Golf courses dominated the discussion following a lecture on the role of environmental mediation in resolving public policy and site disputes last Tuesday evening. Held at the Wakeman Center in Vineyard Haven, the lecture was sponsored by The Nature Conservancy, The Wampanoag Tribe of Aquinnah and the Martha’s Vineyard Commission.

Dr. Scott McCreary of the California-based environmental mediation firm CONCUR, spoke to a small audience about the importance of environmental mediation as a dispute-solving strategy, discussed the outcomes of two case studies that he worked on, and explained how the approaches used in these studies can be applied to the Vineyard.

Mr. McCreary said that the process of environmental mediation helps simplify disputes complicated by many players with separate opinions. Environmental mediators demystify technical complexity in situations where “everybody has their own scientists,” he said. They find creative ways to protect areas of the environment that slip through or overlap government regulatory categories of air, sea and land, he said.

At the end of his discussion, Mr. McCreary sparked a discussion by asking four questions — “Do you think the techniques of environmental mediation are applicable to the Vineyard?” “What are the issues?” “Who is credible to serve as a convener?” and “If you think these ideas have promise, what are the next steps to be taken on the Island?”

Yes, answered the audience to Mr. McCreary’s first question. Golf courses, they said to the second. With three separate proposals filed on the Island — two in Edgartown and one in Oak Bluffs — golf courses have been on many people’s minds. The third and fourth questions, however, left the audience stumped.

“I’ve thought a lot about this. I think the golf course issue is a very important one environmentally, socially and visually for the Island,” said Dick Johnson, director of the Sheriff’s Meadow Foundation. “I’m frustrated that it’s not being considered anyplace, what is best for the Island. I’m racking my mind and I don’t see who the respected convener would be who could pull all the parties together.”

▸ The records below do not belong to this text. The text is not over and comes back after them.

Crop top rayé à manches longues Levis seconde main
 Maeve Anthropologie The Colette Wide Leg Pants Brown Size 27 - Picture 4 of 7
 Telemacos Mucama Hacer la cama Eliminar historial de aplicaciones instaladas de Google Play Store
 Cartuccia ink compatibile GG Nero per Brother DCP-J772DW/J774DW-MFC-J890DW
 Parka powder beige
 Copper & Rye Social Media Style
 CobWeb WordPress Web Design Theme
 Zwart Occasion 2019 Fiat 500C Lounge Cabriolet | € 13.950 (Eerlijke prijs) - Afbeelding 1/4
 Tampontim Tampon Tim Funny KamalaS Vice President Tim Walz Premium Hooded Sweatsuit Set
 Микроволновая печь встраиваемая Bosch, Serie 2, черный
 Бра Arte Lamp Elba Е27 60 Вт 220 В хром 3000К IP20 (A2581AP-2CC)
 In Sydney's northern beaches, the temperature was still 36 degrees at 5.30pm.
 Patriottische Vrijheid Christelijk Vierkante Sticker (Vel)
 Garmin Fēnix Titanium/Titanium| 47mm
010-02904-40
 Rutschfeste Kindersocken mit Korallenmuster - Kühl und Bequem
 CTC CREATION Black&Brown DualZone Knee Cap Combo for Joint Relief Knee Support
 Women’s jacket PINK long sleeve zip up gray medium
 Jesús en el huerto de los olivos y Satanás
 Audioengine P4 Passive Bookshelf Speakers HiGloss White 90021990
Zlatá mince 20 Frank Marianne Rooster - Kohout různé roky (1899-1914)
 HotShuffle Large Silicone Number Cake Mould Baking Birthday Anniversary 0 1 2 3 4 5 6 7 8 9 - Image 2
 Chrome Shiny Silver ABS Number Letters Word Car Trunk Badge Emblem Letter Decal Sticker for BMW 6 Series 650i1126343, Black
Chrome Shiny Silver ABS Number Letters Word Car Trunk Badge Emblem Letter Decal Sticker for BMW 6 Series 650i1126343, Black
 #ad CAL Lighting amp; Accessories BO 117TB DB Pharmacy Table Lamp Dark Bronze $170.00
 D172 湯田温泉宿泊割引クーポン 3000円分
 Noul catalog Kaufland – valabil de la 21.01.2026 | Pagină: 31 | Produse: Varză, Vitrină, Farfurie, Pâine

Maybe the Island has to invent one, Mr. McCreary said. Any group can act as the convener, a garden club, the League of Women Voters. With respect to the next steps to be taken, perhaps the question needs to be stated. One way of framing the problem is, “Where should we site another golf course on Martha’s Vineyard?” he said. Another is, “How can we provide a reasonable rate of return for this development and at the same time create a sustainable environment that is consistent with the surrounding land use?”

“Does the Martha’s Vineyard Commission look like a credible auspices?” asked Mr. McCreary. “On the one hand, they do have an Islandwide scope. They have a lot of discretion. They don’t always weigh in on each land use decision but they do have land use regulating authority. Are they really neutral? Can they be neutral?”

“I would think that if they have regulatory authority then they’re bound by their regulations,” said one woman.

Philippe Jordi, grant planner for the Wampanoag Tribe, said there are times both on town and on regional levels when the Martha’s Vineyard Commission has an opportunity to step back and allow the mediation to happen on its own, make the stakeholders come to some kind of negotiation themselves.

“That’s a way of using their weight to kind of force something to the table,” he said. “I’m just wondering whether this is an approach that people know about. I think it’s a question of bringing that awareness to people who want to take a leading role in the situation.”

It makes sense to deal with the issue on a regional and not a piecemeal basis, agreed participants.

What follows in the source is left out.